Look for the line with "Mercedes-Benz A 220" in the data below, then reproduce word for word that line and every line after it. Leave out all pictures and add nothing.

Start of DATA SEGMENT

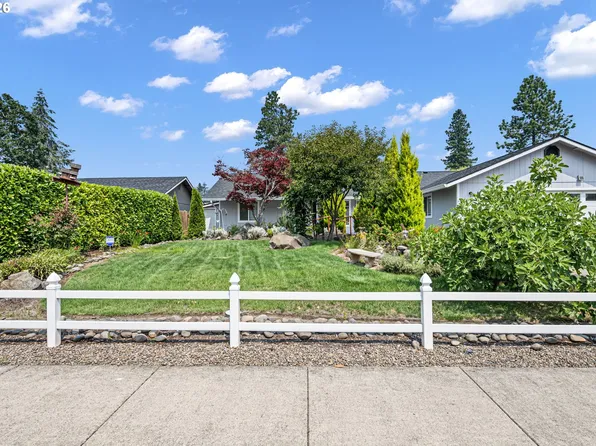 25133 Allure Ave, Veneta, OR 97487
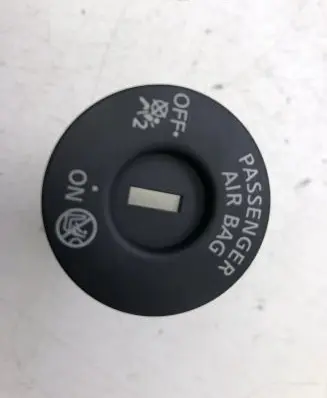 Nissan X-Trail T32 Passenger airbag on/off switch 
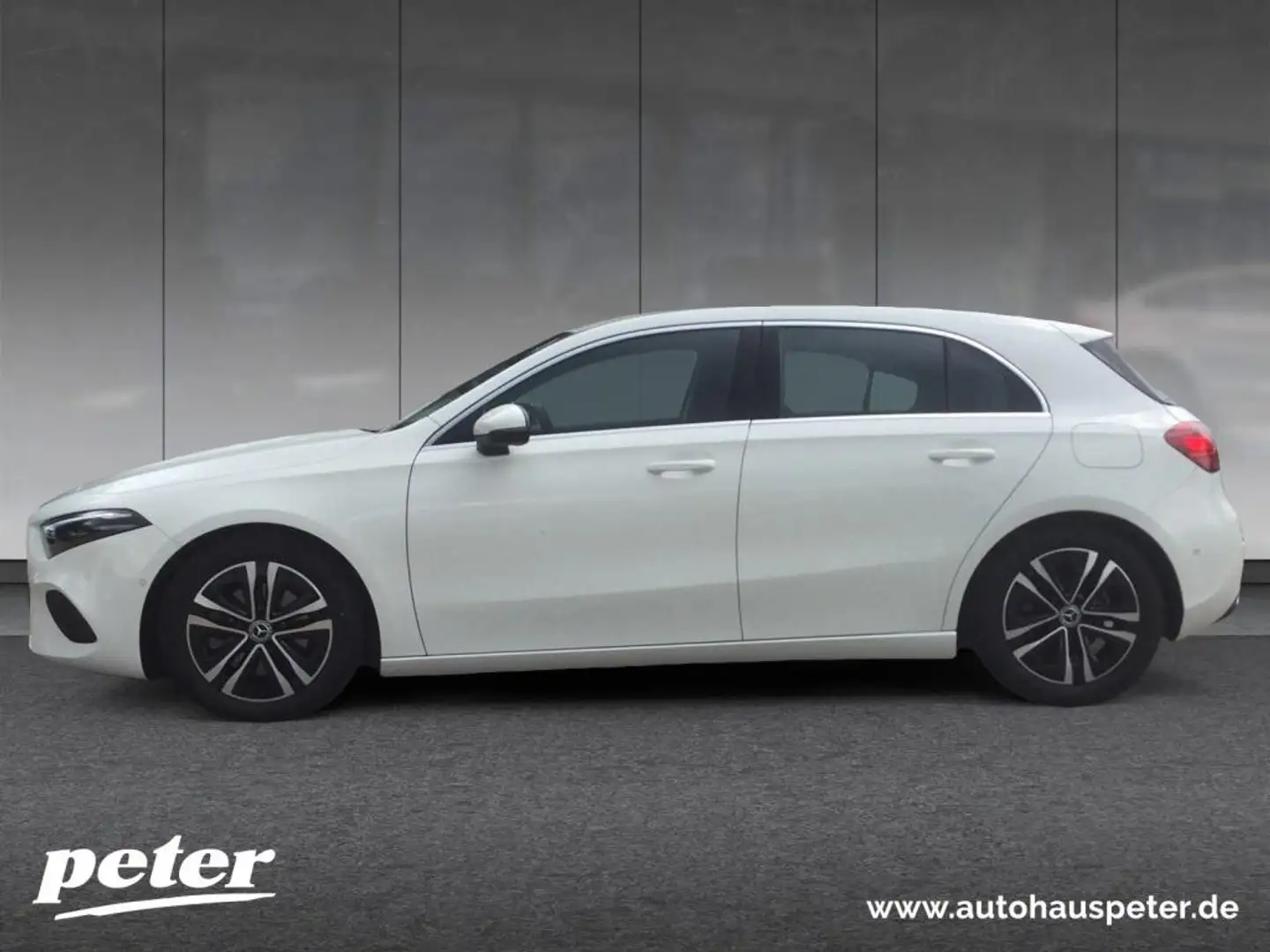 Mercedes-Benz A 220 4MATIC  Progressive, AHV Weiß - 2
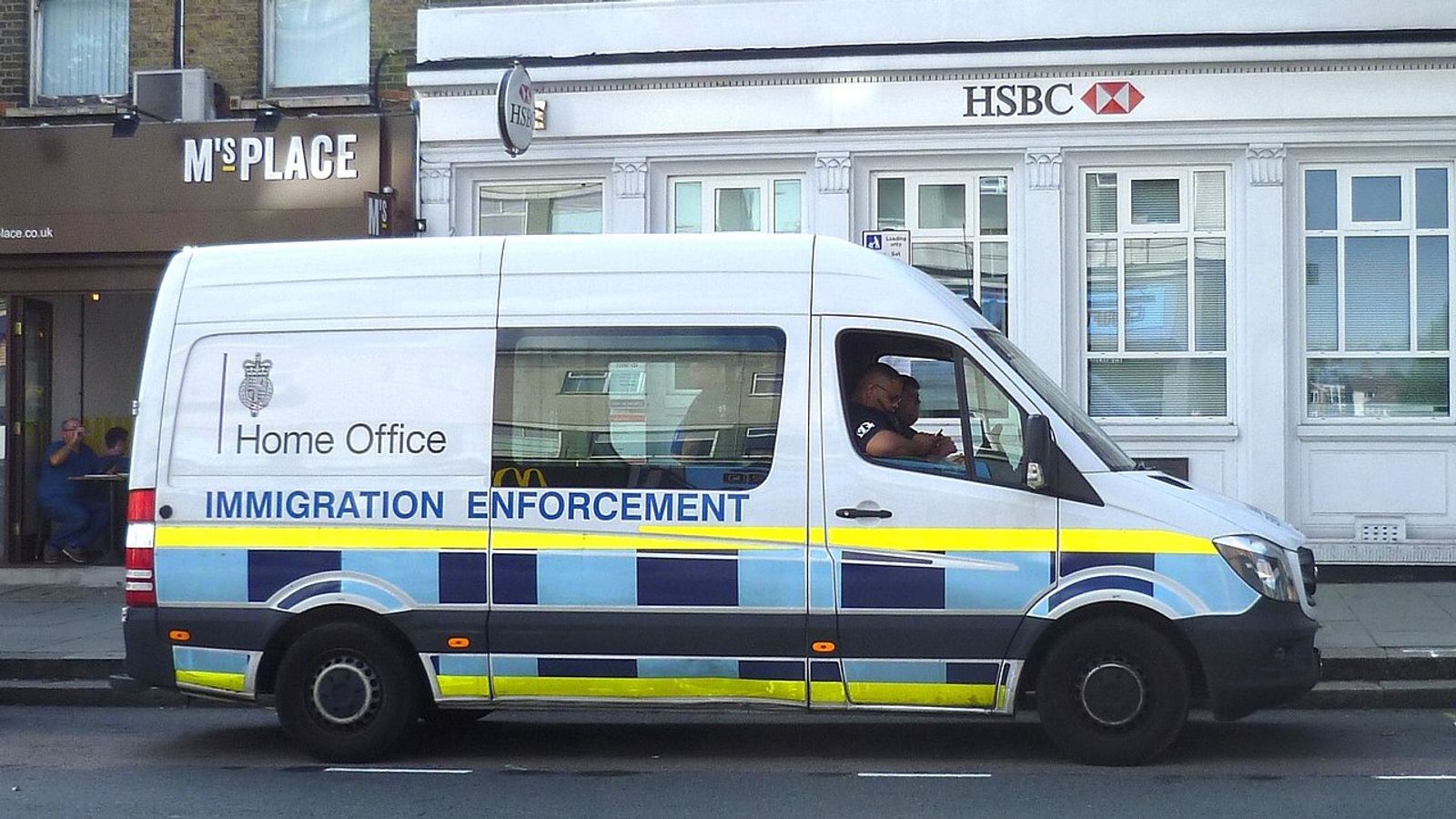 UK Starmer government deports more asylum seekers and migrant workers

End of DATA SEGMENT

-- SOLVED EXERCISE --
 Mercedes-Benz A 220 4MATIC  Progressive, AHV Weiß - 2
 UK Starmer government deports more asylum seekers and migrant workers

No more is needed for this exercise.